Moeslinger Thomas, Friedl Roswitha, Spieckermann Paul Gerhard
Institute of Physiology, Center for Physiology and Pathophysiology, Medical University of Vienna, Schwarzspanierstrasse 17, 1090 Vienna, Austria.
Life Sci. 2006 Jun 20;79(4):374-81. doi: 10.1016/j.lfs.2006.01.015. Epub 2006 Feb 13.

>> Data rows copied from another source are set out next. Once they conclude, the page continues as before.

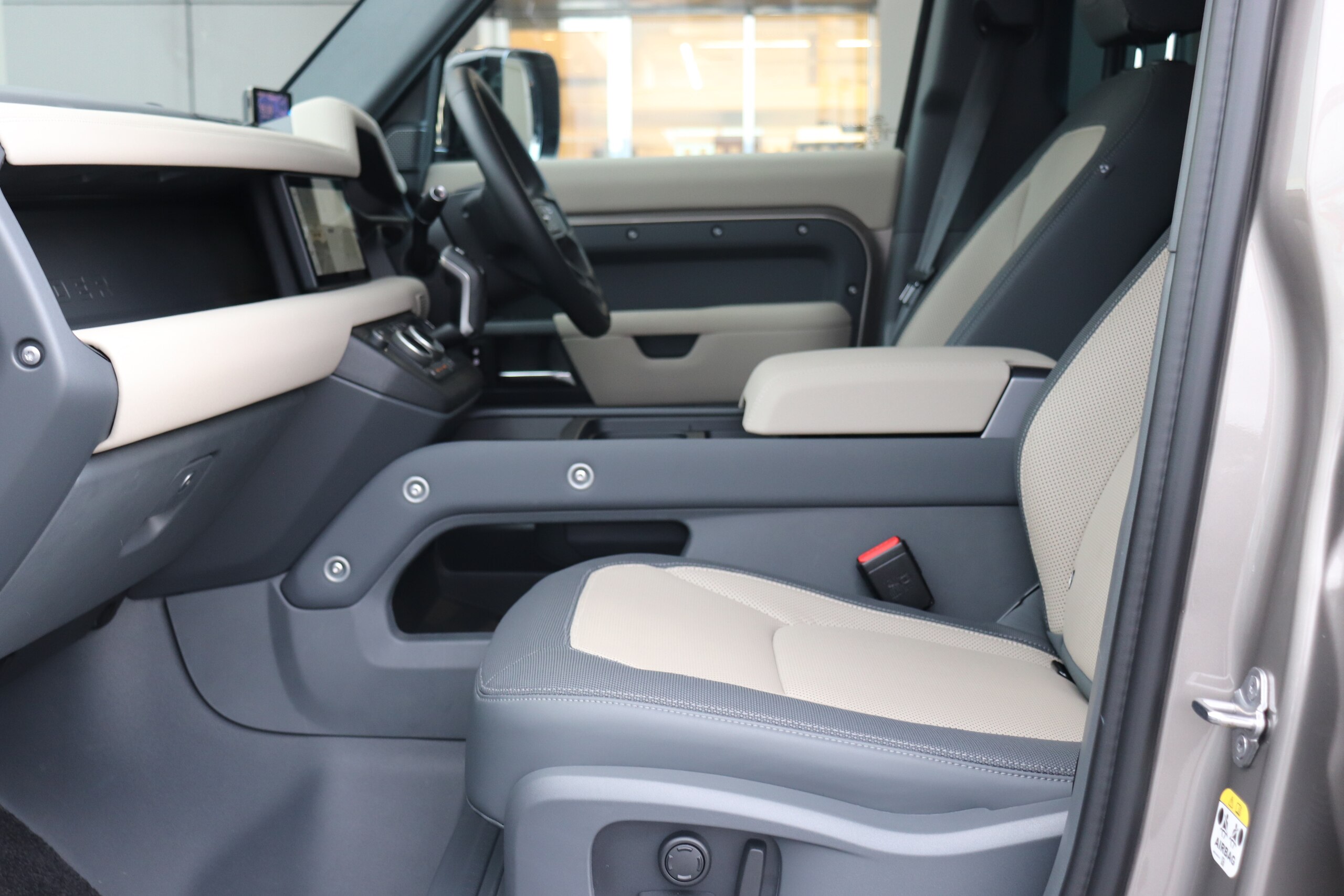 Land Rover Defender 110 X Dynamic SE 3.0L D300 Diesel Turbo 4WD — photo 8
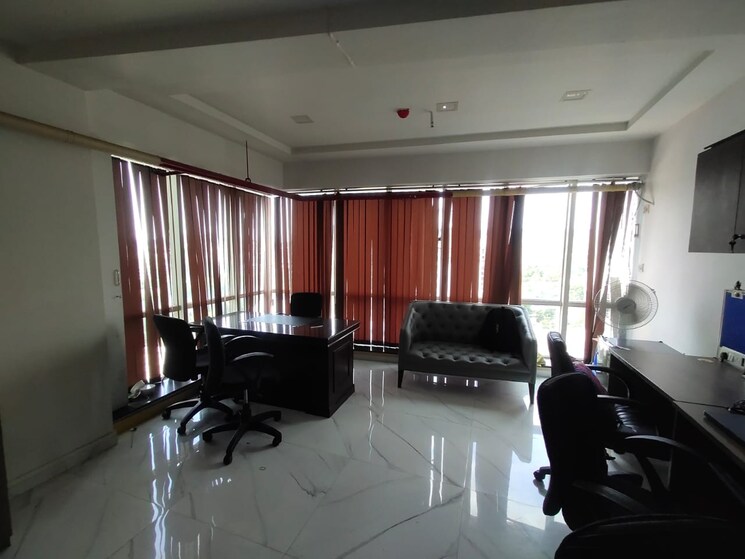 Team Area, bhandup west Commercial Office Space 500 Sq.Ft. In Bhandup West Mumbai 9070080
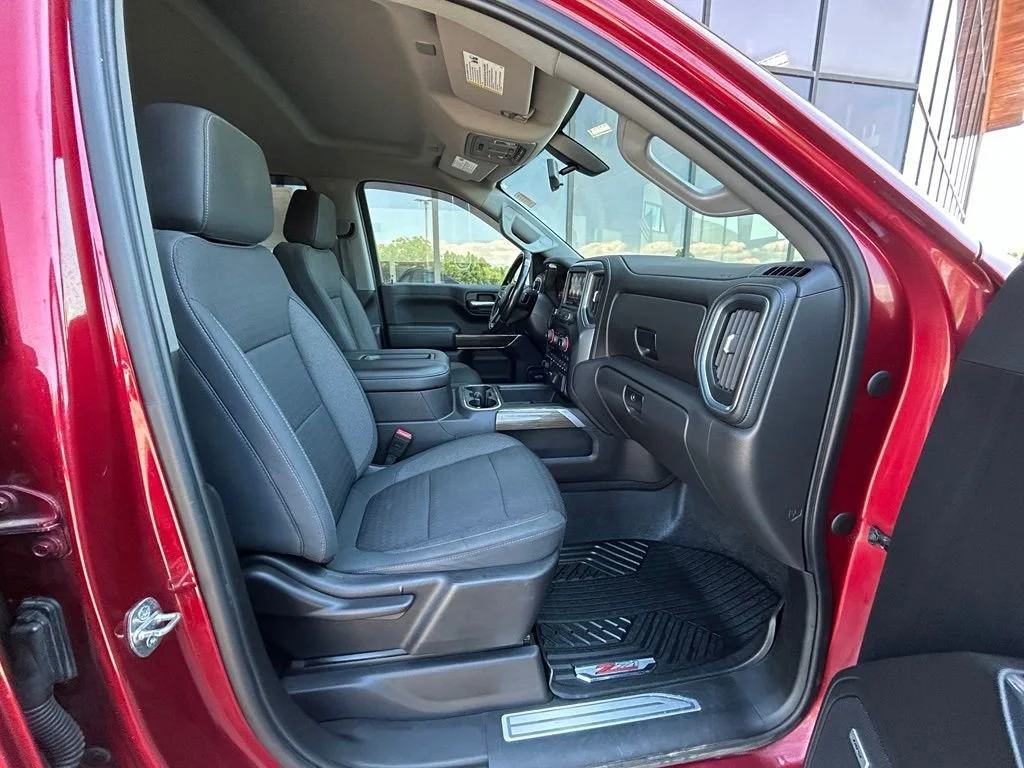 Used 2020 CAJUN RED TINTCOAT Chevrolet RST image 43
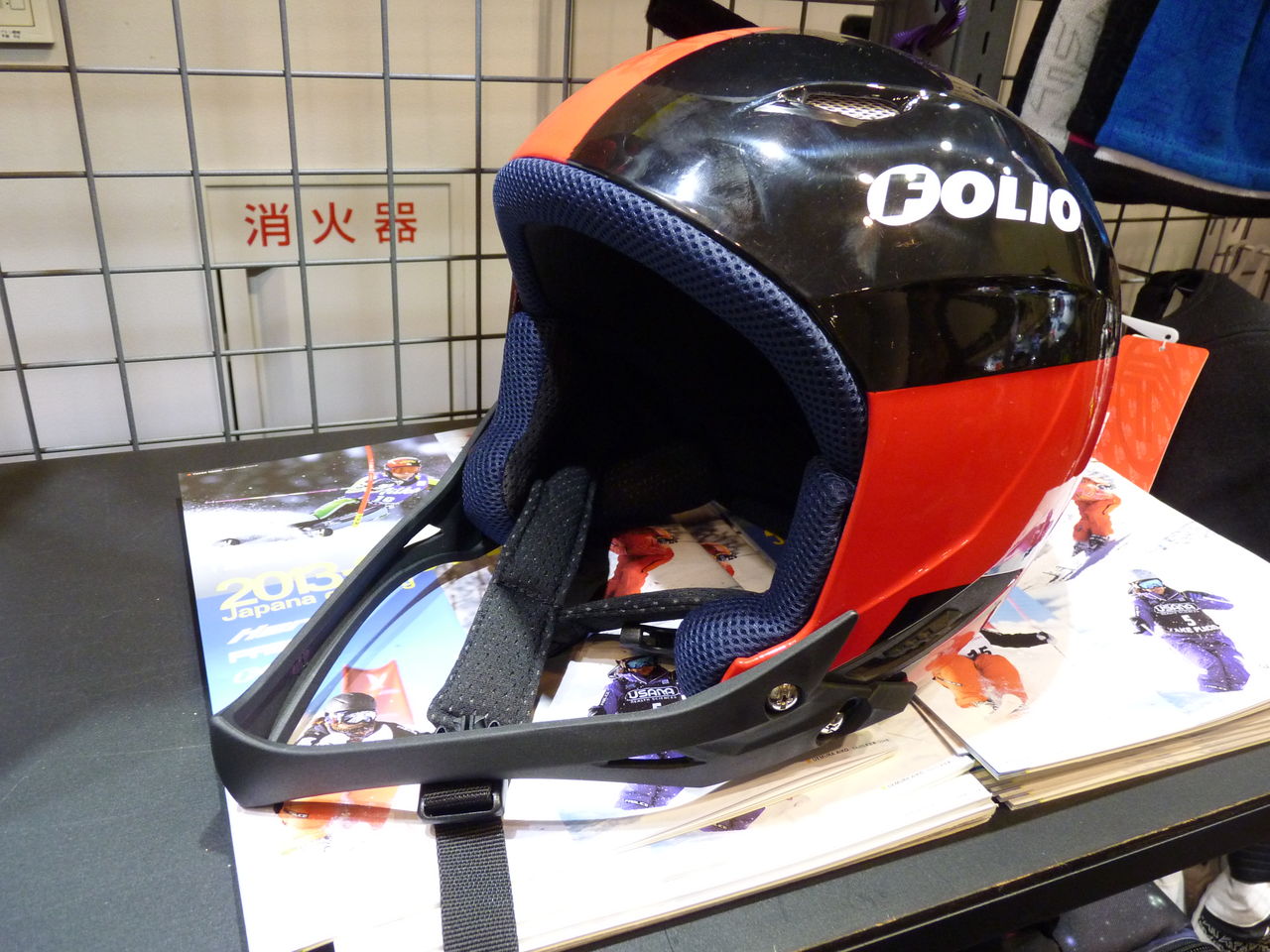 FOLIO FH-312 ヘルメット 黒/赤 フリー FOLIO FH-312 ヘルメット 黒/赤 フリー
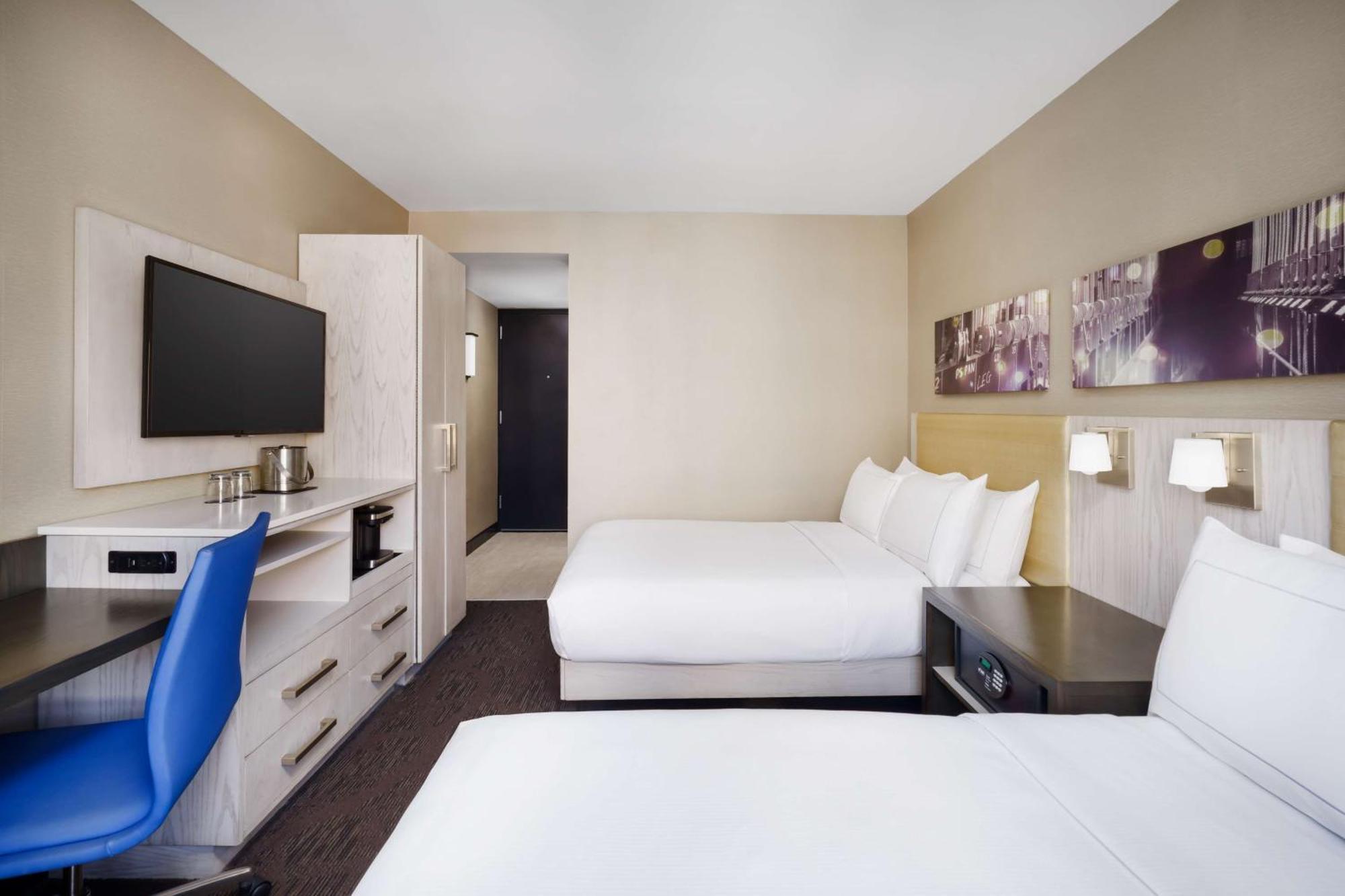 Doubletree By Hilton New York Times Square West Hotel Exterior foto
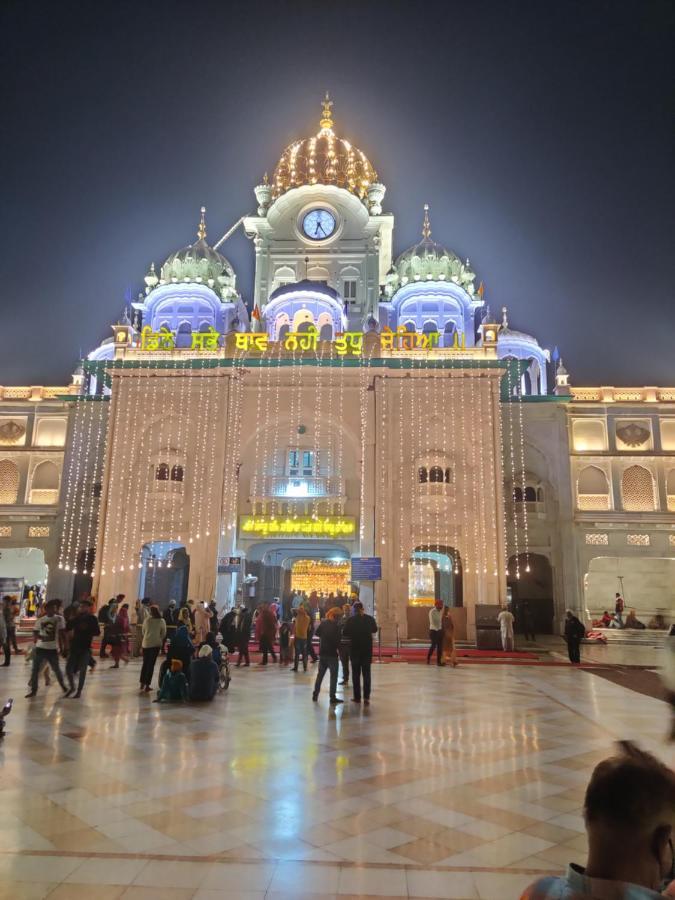 Hotel 56 - 200 Meter From Golden Temple Amritsar Extérieur photo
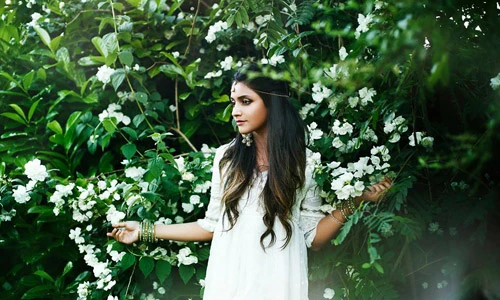 Đẹp mê hoặc bộ ảnh thiếu nữ xinh đẹp và hoa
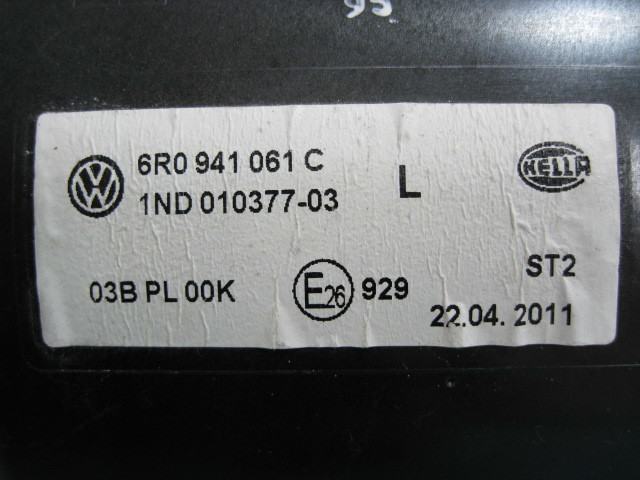 即決！　フォルクスワーゲン　ポロ　６Ｒ　左フォグランプ　６Ｒ０　９４１　０６１Ｃ　中古_5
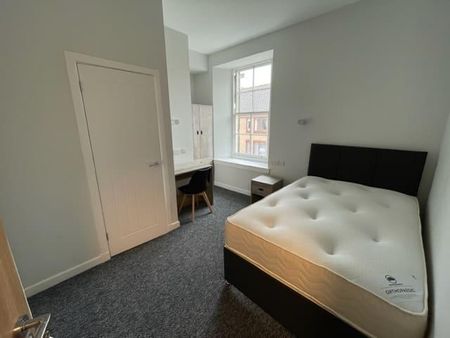 4 bedroom apartment to rent - Photo 4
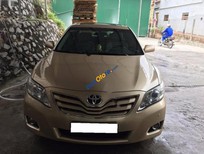 Toyota Camry LE 2010 - Cần bán xe Toyota Camry LE 2010, màu vàng, xe đẹp xuất sắc không 1 lỗi nhỏ, đăng ký 2011 tư nhân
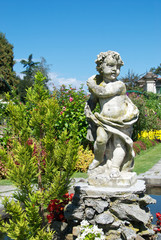 Obraz premium Garden with sculture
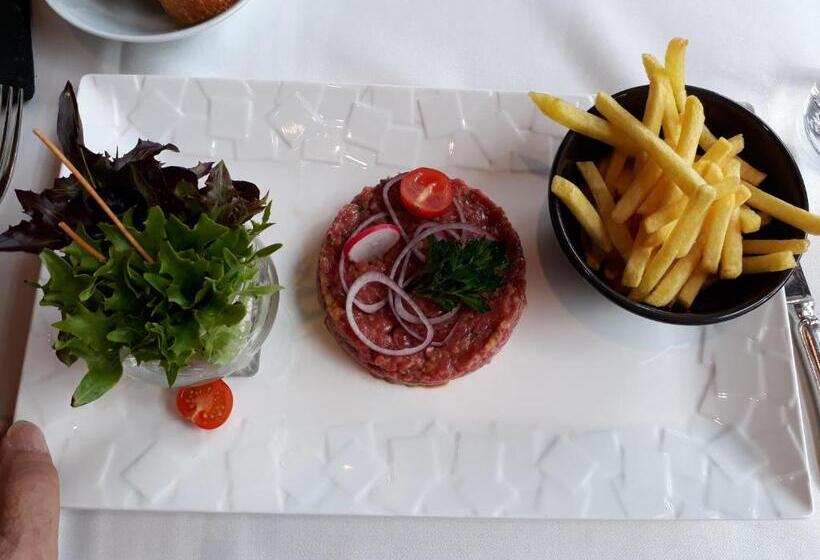 فندق Hôtel De Fully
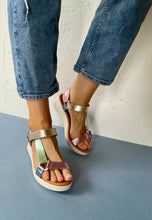 Load image into Gallery viewer, sports sandals for women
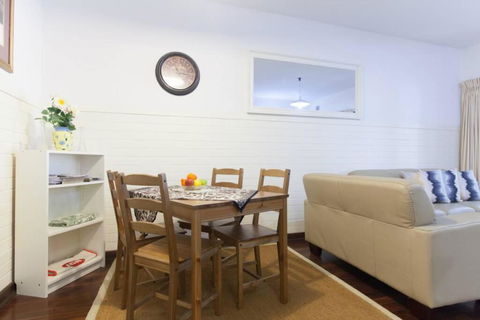 B2 Crawley Apartment 1 BRM & Sleepout Near UWA - Accommodation Cairns 4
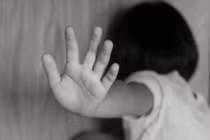 Bé gái 9 tuổi ở Bình Dương bị mẹ ruột và bạn trai của mẹ bạo hành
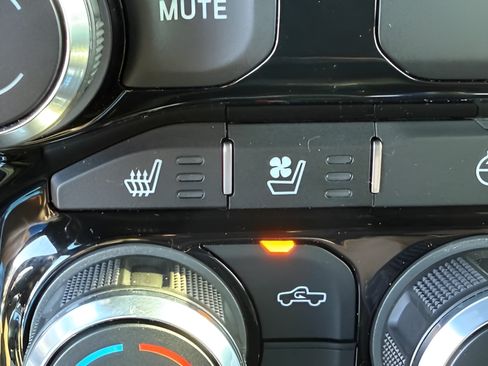 Used 2022 RAM 1500 Laramie AWD/4WD image 31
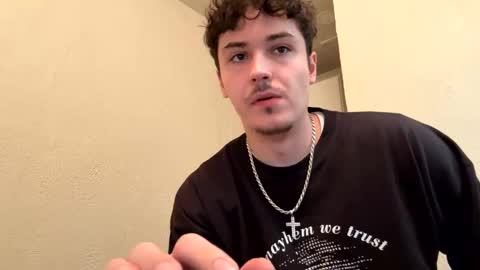 Snapshot of yungstudbev chatting on 10.10.25 yungstudbev online show from 10.10.25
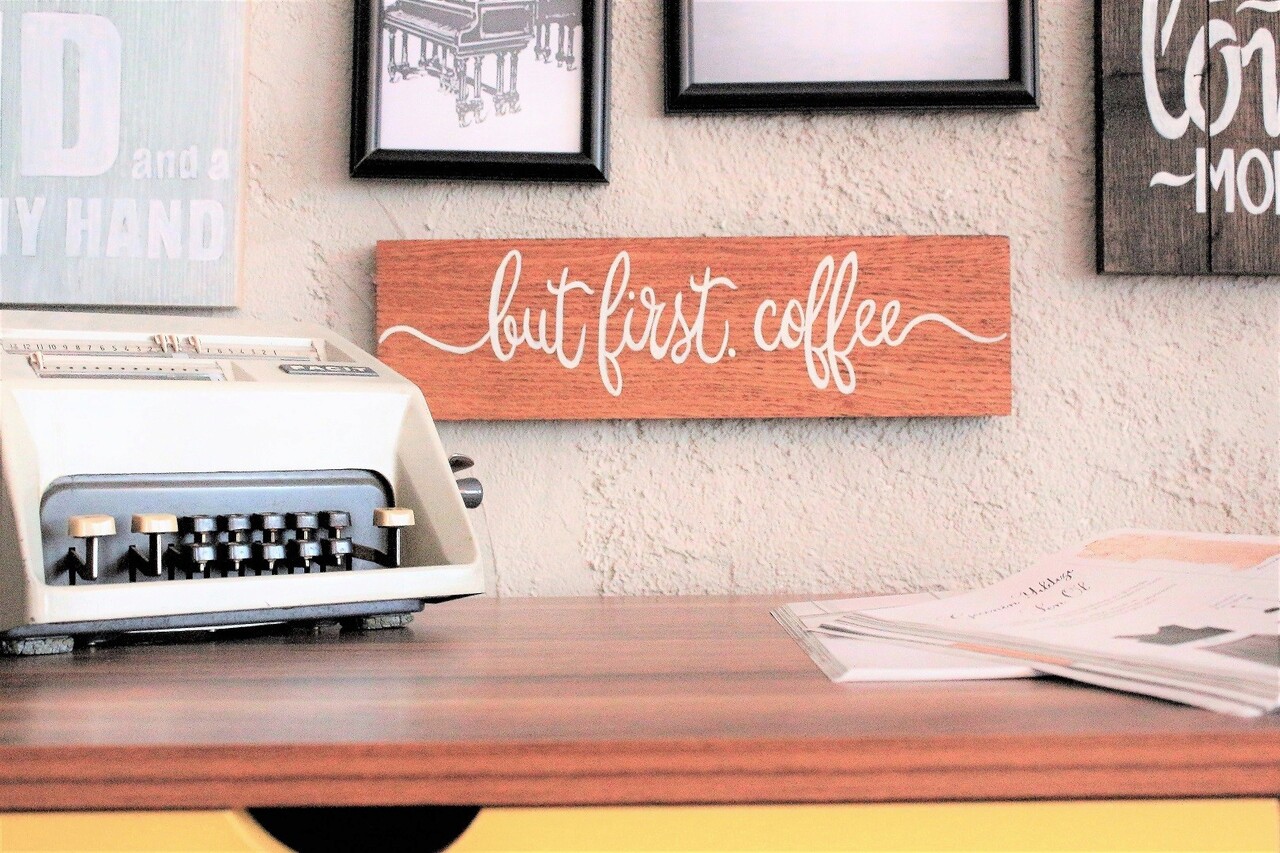 Decoratiune de perete, Coffee, 37x1.8x10 cm, Lemn , Maro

Azathioprine is used as an anti-inflammatory agent. Although there are numerous data demonstrating cytotoxic and immunosuppressive properties of azathioprine and its metabolite 6-mercaptopurine, the mechanism of the anti-inflammatory action of azathioprine has not yet been fully clarified. During our study, we investigated the effects of azathioprine on the inducible nitric oxide synthase (iNOS) in lipopolysaccharide stimulated murine macrophages (RAW 264.7) by measurement of iNOS protein (immunoblotting), iNOS mRNA (semiquantitative competitive RT-PCR), and NO production (nitrite levels). Azathioprine (0-210 muM) induces a concentration dependent inhibition of inducible nitric oxide synthesis (IC50: 33.5 muM). iNOS protein expression showed a concentration dependent reduction as revealed by immunoblotting when cells were incubated with increasing amounts of azathioprine. Azathioprine decreases iNOS mRNA levels as shown by semiquantitative competitive RT-PCR. In contrast, 6-mercaptopurine showed no inhibition of inducible nitric oxide synthesis. Azathioprine did not reduce iNOS mRNA stability after the addition of actinomycin D. Enzymatic activity assays with increasing concentrations of azathioprine (0-210 muM) showed no statistically significant inhibition of iNOS enzyme activity compared to cell lysates without azathioprine. Nuclear translocation of NF-kappaB p65 subunit and binding of NF-kappaB p50 subunit from nuclear extracts to a biotinylated-consensus sequence was unaffected by azathioprine treatment. iNOS inhibition by azathioprine was associated with a decreased expression of IRF-1 (interferon regulatory factor 1) and IFN-beta (beta-interferon) mRNA. Azathioprine induced iNOS inhibition seems to be associated with an action of the methylnitroimidazolyl substituent. This suggests a route to the rational design of nontoxic anti-inflammatory agents by replacing the 6-mercaptopurine component of azathioprine with other substituents. The inhibition of inducible nitric oxide synthesis might contribute to the anti-inflammatory activities of azathioprine.
硫唑嘌呤用作抗炎药。尽管有大量数据表明硫唑嘌呤及其代谢产物6-巯基嘌呤具有细胞毒性和免疫抑制特性,但硫唑嘌呤抗炎作用的机制尚未完全阐明。在我们的研究中,我们通过测量诱导型一氧化氮合酶(iNOS)蛋白(免疫印迹法)、iNOS mRNA(半定量竞争性逆转录聚合酶链反应)和一氧化氮生成(亚硝酸盐水平),研究了硫唑嘌呤对脂多糖刺激的小鼠巨噬细胞(RAW 264.7)中诱导型一氧化氮合酶的影响。硫唑嘌呤(0 - 210 μM)诱导诱导型一氧化氮合成的浓度依赖性抑制(半数抑制浓度:33.5 μM)。当细胞与越来越多的硫唑嘌呤孵育时,免疫印迹显示iNOS蛋白表达呈浓度依赖性降低。半定量竞争性逆转录聚合酶链反应显示硫唑嘌呤降低iNOS mRNA水平。相比之下,6-巯基嘌呤未显示对诱导型一氧化氮合成的抑制作用。加入放线菌素D后,硫唑嘌呤未降低iNOS mRNA稳定性。与不含硫唑嘌呤的细胞裂解物相比,用浓度递增的硫唑嘌呤(0 - 210 μM)进行的酶活性测定未显示对iNOS酶活性有统计学上显著的抑制作用。硫唑嘌呤处理未影响核因子κB p65亚基的核转位以及核提取物中核因子κB p50亚基与生物素化共有序列的结合。硫唑嘌呤对iNOS的抑制与干扰素调节因子1(IRF-1)和β-干扰素(IFN-β)mRNA表达降低有关。硫唑嘌呤诱导的iNOS抑制似乎与甲基硝基咪唑基取代基的作用有关。这提示了一条通过用其他取代基替代硫唑嘌呤的6-巯基嘌呤成分来合理设计无毒抗炎药的途径。诱导型一氧化氮合成的抑制可能有助于硫唑嘌呤的抗炎活性。